Born on June 13, 1919, in St. Louis, Brewer received his undergraduate degree from California Institute of Technology in 1940. On the recommendation of Linus C. Pauling, he entered the chemistry graduate program at UC Berkeley and, only 28 months later, in 1943, completed his thesis work on the effect of electrolytes upon the rates of aqueous reactions.

He was immediately asked to join the Manhattan Project to develop an atomic bomb. He headed a group that was charged with predicting the possible high-temperature properties of the newly discovered plutonium, then available only in trace amounts, and with providing materials for a crucible that would contain molten plutonium without contaminating it.

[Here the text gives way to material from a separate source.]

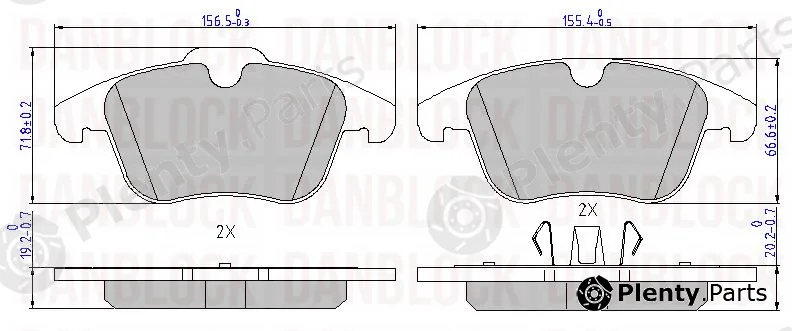 Danblock DB510526 — Brake Pad Set, disc brake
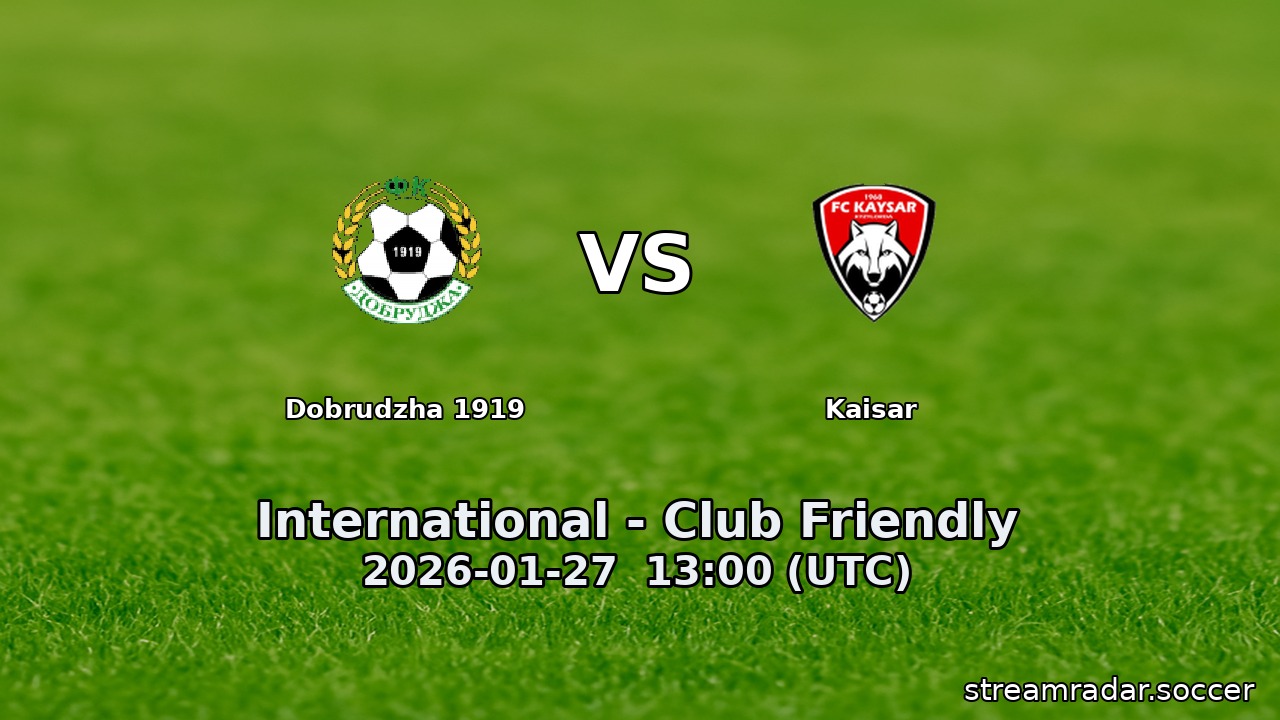 Kaisar vs Dobrudzha 1919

The combination of theory with experimentation that he exhibited during his World War II work marked his research throughout his distinguished career. Although his research covered an unusually wide range of subjects and employed many different techniques, from theory to spectroscopy, he focused primarily on high-temperature thermodynamics, materials science, studies of metallic phases, and the development of metallic bonding theory. He was also involved at different points in his career with astrophysics and ceramics.

In 1946, Brewer was appointed an assistant professor of chemistry at UC Berkeley. He rose through the ranks to become a full professor in 1955.

In addition to his academic appointment, Brewer was an investigator at Lawrence Berkeley National Laboratory, where he headed the Inorganic Materials Research Division from its inception in 1961 until 1975. He was also active in many professional societies and on the editorial boards of several journals

Brewer is survived by his three children--Roger of Portland, Ore.; Gail of La Cañada, Calif.; and Beth Gaydos of Cupertino, Calif.--and six grandchildren. His wife, Rose Strugo Brewer, died in 1989.

An emeritus member, he joined ACS in 1942.

Wang Jie, 24, a third-year graduate student studying for a doctoral degree in chemistry at UC Berkeley, died after he was removed from life support on March 10. He had been severely injured during a car crash on Feb. 23. Wang's car was hit by a driver who ran a red light while fleeing from police. Wang is survived by his parents, Baozhen Zhang and Jiaqing Wang of Shanghai.